**DATA EXTRACT:**
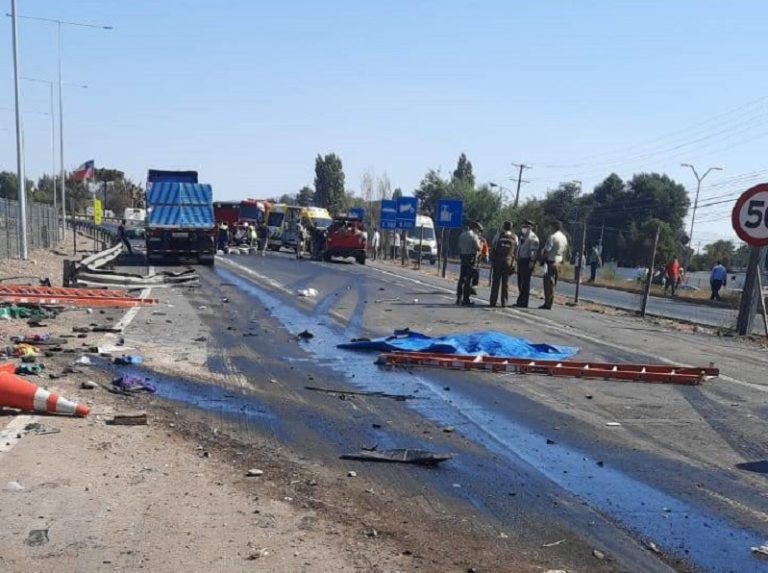 San Fernando: Accidente múltiple deja dos fallecidos en la Ruta 5 Sur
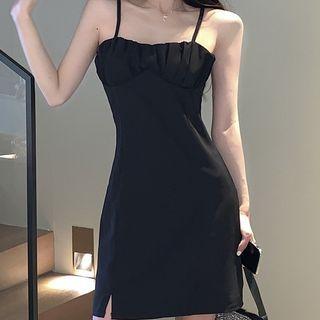 Short-sleeve Cropped Blazer / Strappy A-line Dress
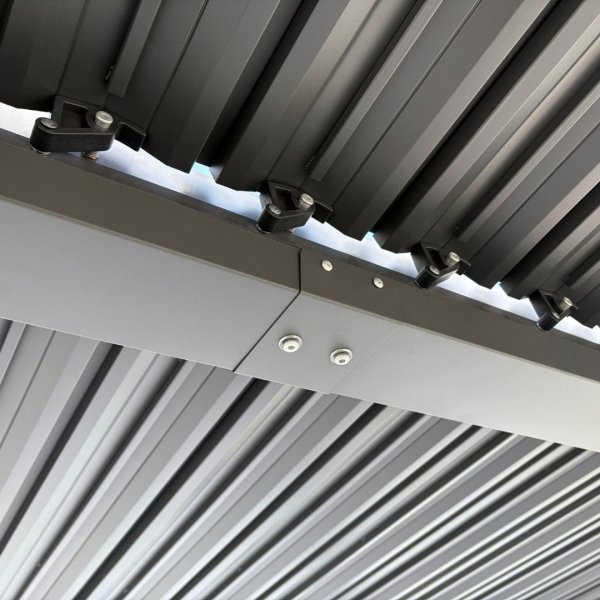 Pergola i galvanisert st�l 4x3 m | Lamelltak, gr�, uteplass og hage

**WHAT IS EXPECTED:** Give the data again exactly as written, with no pictures included.

**EXERCISE OUTPUT:**
 San Fernando: Accidente múltiple deja dos fallecidos en la Ruta 5 Sur
 Short-sleeve Cropped Blazer / Strappy A-line Dress
 Pergola i galvanisert st�l 4x3 m | Lamelltak, gr�, uteplass og hage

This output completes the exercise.